The Unconquered
nytheatre.com review by Jo Ann Rosen
May 2, 2008
Powerfully poetic and disturbingly familiar, playwright Torben Betts pits truth against complacency in his play, The Unconquered, with enough wry humor to easily transfix the audience for an uninterrupted 75 minutes. Using his own blend of parody, Greek chorus, June Cleaver, and teenage rage, Betts comes up with a potent brew that is surprising, compelling, and unpredictable.
The story, which is simple enough, is a mere vehicle for Betts and his imaginative use of language. In it, an intelligent teenage daughter, The Girl, rails against the corruption of the world, and specifically against her complacent and loveless middle class parents, Mother and Father. The question is, what would it take to get them to value familial love and emotional integrity above the accumulation of goods? Betts raises the stakes scene by scene, turning the internal battle into a larger war. A Soldier, deployed to defend the city, spreads his share of destruction. With it, he adds a dash of the absurd.
Humor, you say?
Well, not laugh-out-loud, Saturday Night Live-type humor. More like spotting a favorite uncle you haven't seen in a long time standing on a soap box on Broadway confessing the sins of your parents to a crowd of friends bent on listening. Familiar, horrifying, ludicrous, fascinating. The playwright's clever use of word association propels the story at an astounding speed and the cast, fantastic in every way, delivers an evening of artistry equalled by the director and the design team.
Alexandra Mathie plays the dutiful Mother with the right mix of cheer and forebearance. She has an exceptional moment when she ages before our eyes. Neil McKinven more than meets his character's responsibilities as the pompous, cowardly Father, who repeats the sins of his father. Nicola Harrison as their daughter and the play's moral compass gives us all the outrage of a teen wanting to be heard and looking for a pocket of honesty, anywhere. Neal Barry rounds out the cast as the Soldier, who takes what he wants with the innocence of one who doesn't know any better.
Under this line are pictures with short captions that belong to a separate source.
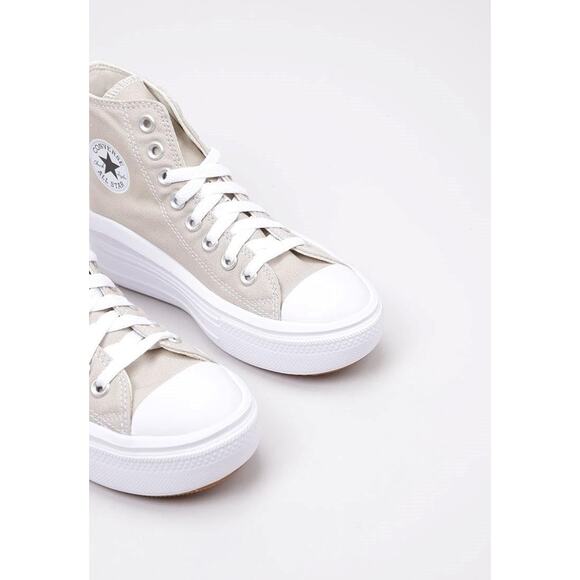 NWT Converse Chuck Taylor All Star Move High Beach Stone Unisex 7.5/9.5 - Picture 5 of 7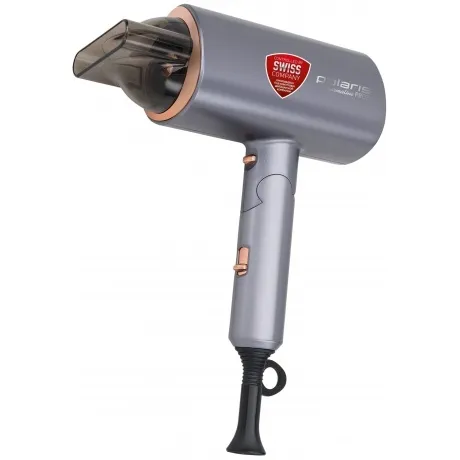 Фен Polaris PHD2090ACi Tourmaline PROF графит/розовое золото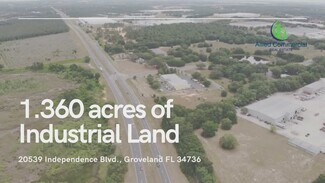 Plus de détails pour 20539 Independence blvd, Groveland, FL - Terrain à vendre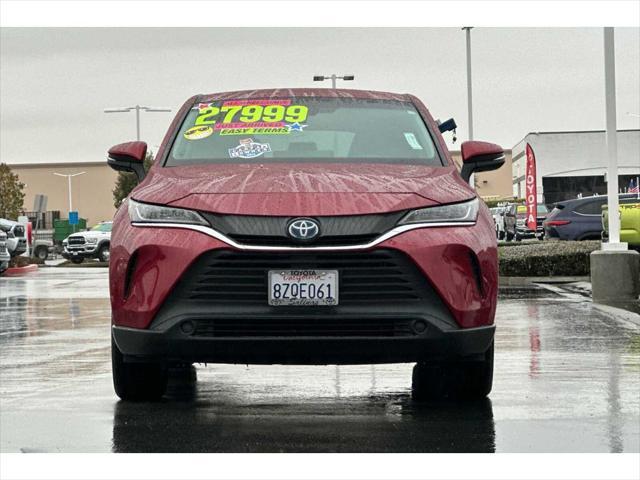 used 2021 Toyota Venza car, priced at $27,999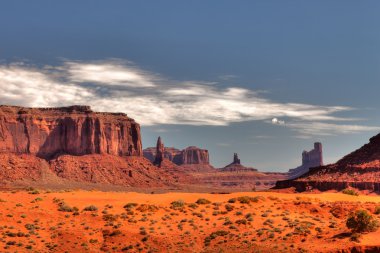 Monument Valley clipart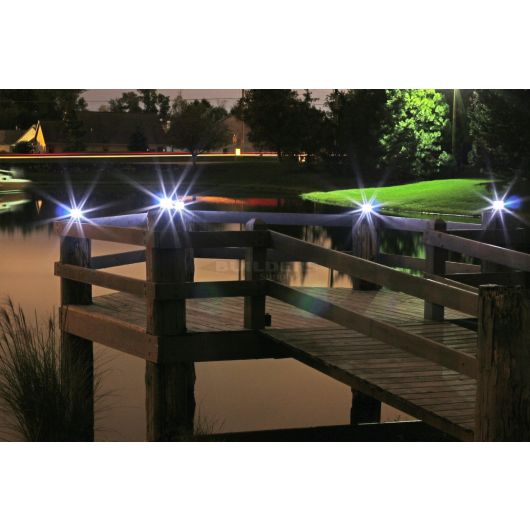Solar Marine Light - Red-11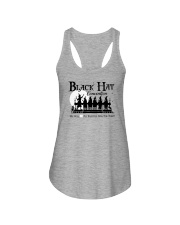BLACK HAT CONVENTION WE WILL NOT FLY SILENTLY Ladies Flowy Tank thumbnail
Part of the Brits Off Broadway festival at 59E59, The Unconquered keeps the audience guessing. Attribute this to whimsical, eye-catching sets by Keith McIntyre and arresting costumes by Catriona Maddocks. McIntyre's black and white set, held together by Velcro, is a marvelous conflation of the 21st century and the 1950s. It establishes the tone of a cartoon about to come alive, disassembles into a claustrophobic carnival, and ultimately collapses into a flat surface without meaning. The steep rake of the stage and the one-dimensional props give the characters an elliptical appearance and define their home as little more than an empty cardboard box. A glowing miniature home sits by its side as a warm beacon of what it could be. Maddocks's costumes, too, are black and white. Most noticeable are Mother's polka-dot shirtwaist with crinolines and Father's bold, anything but pinstripe, suit. All the characters appear in "white face," adding to the thought-provoking absurdity on stage. Peter Vilk contributes to the ensemble effort with his excellent sound effects as does Jeanine Davies with her lighting.
Muriel Romanes directs with a sure hand, driving the cast through the script like a Jag on an empty throughway. The result is a breathless and impressive ride. Do not miss this extraordinary production. The Unconquered is a Stellar Quines Theatre Company presentation.